=== Begin Enclosure ===

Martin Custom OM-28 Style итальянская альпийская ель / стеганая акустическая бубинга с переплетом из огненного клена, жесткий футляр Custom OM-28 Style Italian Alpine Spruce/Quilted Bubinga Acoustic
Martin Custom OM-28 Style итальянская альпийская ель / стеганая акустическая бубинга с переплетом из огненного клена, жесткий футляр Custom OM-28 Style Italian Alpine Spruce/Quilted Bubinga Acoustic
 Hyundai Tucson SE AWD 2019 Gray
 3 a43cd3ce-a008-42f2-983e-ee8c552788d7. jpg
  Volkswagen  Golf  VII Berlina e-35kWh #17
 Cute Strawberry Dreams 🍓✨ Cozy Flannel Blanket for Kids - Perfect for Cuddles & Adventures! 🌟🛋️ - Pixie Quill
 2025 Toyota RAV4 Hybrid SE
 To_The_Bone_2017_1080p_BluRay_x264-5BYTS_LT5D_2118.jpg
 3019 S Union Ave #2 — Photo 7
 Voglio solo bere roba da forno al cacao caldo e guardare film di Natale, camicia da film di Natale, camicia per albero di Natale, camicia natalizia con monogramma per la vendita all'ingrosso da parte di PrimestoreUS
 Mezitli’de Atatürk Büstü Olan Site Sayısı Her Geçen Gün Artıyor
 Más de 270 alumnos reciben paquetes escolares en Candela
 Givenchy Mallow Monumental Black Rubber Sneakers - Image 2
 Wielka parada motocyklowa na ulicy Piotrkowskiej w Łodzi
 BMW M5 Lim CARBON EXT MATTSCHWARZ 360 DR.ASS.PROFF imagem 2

=== End Enclosure ===

◆ Exercise directions:
Your output should be an exact copy of the lines from the top of the listing above to the line with "3 a43cd3ce-a008-42f2-983e-ee8c552788d7. jpg", both ends included.

◆ Result:
Martin Custom OM-28 Style итальянская альпийская ель / стеганая акустическая бубинга с переплетом из огненного клена, жесткий футляр Custom OM-28 Style Italian Alpine Spruce/Quilted Bubinga Acoustic
Martin Custom OM-28 Style итальянская альпийская ель / стеганая акустическая бубинга с переплетом из огненного клена, жесткий футляр Custom OM-28 Style Italian Alpine Spruce/Quilted Bubinga Acoustic
 Hyundai Tucson SE AWD 2019 Gray
 3 a43cd3ce-a008-42f2-983e-ee8c552788d7. jpg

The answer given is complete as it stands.